Records for processing Start Marker
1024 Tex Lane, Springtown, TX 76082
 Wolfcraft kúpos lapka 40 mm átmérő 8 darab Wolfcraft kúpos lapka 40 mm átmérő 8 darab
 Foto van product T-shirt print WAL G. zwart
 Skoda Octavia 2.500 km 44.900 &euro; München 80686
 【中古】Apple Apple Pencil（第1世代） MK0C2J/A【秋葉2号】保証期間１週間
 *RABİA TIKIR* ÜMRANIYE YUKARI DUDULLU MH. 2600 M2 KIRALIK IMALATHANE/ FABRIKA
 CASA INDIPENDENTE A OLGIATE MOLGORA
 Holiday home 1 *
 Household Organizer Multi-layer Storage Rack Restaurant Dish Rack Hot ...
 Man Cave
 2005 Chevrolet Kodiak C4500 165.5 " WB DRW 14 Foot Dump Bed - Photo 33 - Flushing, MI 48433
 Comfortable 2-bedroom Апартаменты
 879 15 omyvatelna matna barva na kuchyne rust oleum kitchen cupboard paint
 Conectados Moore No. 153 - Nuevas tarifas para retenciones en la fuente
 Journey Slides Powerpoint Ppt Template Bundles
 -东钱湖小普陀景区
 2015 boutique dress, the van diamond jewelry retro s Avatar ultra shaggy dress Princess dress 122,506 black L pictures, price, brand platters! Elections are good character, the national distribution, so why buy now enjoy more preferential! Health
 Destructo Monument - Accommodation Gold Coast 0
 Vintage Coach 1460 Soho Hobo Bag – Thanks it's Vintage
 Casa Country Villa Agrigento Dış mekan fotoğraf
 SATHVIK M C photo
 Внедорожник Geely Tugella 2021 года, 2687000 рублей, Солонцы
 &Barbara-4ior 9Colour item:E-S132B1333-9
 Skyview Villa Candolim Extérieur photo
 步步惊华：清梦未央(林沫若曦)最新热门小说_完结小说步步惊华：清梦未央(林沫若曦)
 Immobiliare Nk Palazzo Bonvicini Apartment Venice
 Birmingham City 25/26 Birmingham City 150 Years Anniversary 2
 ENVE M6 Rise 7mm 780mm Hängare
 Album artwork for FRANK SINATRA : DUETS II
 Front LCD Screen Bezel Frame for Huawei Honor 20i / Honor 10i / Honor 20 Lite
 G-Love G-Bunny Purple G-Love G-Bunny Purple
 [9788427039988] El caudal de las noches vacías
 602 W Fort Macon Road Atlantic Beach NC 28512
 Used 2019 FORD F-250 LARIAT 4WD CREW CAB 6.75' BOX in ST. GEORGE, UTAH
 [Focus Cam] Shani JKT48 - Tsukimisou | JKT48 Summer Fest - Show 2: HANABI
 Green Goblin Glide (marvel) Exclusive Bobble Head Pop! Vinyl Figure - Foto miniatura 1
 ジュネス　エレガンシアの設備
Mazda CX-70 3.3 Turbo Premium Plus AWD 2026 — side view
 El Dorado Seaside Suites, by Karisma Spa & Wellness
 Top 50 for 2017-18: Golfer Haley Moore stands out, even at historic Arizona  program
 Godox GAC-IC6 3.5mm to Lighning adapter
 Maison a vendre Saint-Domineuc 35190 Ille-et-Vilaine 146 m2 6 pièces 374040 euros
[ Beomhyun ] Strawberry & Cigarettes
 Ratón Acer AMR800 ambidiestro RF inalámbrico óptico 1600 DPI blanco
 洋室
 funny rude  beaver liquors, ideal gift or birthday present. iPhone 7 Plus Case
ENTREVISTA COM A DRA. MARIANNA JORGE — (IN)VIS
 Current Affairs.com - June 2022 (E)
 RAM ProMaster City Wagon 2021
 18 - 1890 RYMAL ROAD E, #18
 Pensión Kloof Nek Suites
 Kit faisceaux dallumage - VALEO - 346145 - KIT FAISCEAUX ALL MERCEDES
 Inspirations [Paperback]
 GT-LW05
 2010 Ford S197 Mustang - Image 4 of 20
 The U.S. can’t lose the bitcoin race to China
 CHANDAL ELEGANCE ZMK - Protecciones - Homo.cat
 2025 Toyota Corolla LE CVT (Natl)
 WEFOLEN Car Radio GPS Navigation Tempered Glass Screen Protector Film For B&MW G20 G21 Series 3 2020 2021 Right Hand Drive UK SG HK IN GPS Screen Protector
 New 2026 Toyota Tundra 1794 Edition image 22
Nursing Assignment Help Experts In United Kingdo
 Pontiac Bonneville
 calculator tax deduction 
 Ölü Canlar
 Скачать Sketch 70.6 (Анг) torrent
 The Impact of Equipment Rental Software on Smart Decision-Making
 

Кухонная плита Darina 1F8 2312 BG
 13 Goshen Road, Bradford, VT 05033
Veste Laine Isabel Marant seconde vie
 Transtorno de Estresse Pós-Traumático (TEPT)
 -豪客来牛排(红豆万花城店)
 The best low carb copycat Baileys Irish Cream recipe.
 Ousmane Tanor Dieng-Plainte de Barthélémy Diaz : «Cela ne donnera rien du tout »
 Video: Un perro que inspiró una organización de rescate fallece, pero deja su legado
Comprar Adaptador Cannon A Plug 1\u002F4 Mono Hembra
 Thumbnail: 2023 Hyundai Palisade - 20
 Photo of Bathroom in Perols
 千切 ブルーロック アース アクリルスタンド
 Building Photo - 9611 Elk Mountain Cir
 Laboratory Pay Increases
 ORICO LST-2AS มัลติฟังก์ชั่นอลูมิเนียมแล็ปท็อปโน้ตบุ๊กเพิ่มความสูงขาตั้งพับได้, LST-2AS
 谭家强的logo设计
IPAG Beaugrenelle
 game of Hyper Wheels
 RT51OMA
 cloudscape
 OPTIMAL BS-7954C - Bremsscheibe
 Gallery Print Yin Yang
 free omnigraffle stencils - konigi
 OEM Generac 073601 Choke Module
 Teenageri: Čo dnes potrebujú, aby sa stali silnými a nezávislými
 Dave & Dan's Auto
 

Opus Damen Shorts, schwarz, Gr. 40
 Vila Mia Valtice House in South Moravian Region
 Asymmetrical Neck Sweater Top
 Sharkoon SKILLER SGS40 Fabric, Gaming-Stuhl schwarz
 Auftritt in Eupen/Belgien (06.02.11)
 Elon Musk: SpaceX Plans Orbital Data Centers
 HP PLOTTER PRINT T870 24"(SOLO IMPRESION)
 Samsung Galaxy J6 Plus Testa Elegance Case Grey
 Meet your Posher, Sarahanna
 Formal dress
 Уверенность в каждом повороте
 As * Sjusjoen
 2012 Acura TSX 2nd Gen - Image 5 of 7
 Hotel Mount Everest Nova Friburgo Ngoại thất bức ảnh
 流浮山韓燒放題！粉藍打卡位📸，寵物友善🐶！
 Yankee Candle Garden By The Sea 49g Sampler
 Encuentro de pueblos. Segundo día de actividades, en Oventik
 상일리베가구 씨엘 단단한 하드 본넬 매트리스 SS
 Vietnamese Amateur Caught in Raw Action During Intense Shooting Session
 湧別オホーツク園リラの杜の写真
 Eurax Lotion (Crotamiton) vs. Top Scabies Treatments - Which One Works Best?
Records for processing End Marker
- [Exercise]:
Among the entries above, locate the lines containing "The Impact of" and "Ousmane Tanor Dieng-Plainte", and transcribe exactly those two lines and all lines between.

- [Finished task]:
 The Impact of Equipment Rental Software on Smart Decision-Making
 

Кухонная плита Darina 1F8 2312 BG
 13 Goshen Road, Bradford, VT 05033
Veste Laine Isabel Marant seconde vie
 Transtorno de Estresse Pós-Traumático (TEPT)
 -豪客来牛排(红豆万花城店)
 The best low carb copycat Baileys Irish Cream recipe.
 Ousmane Tanor Dieng-Plainte de Barthélémy Diaz : «Cela ne donnera rien du tout »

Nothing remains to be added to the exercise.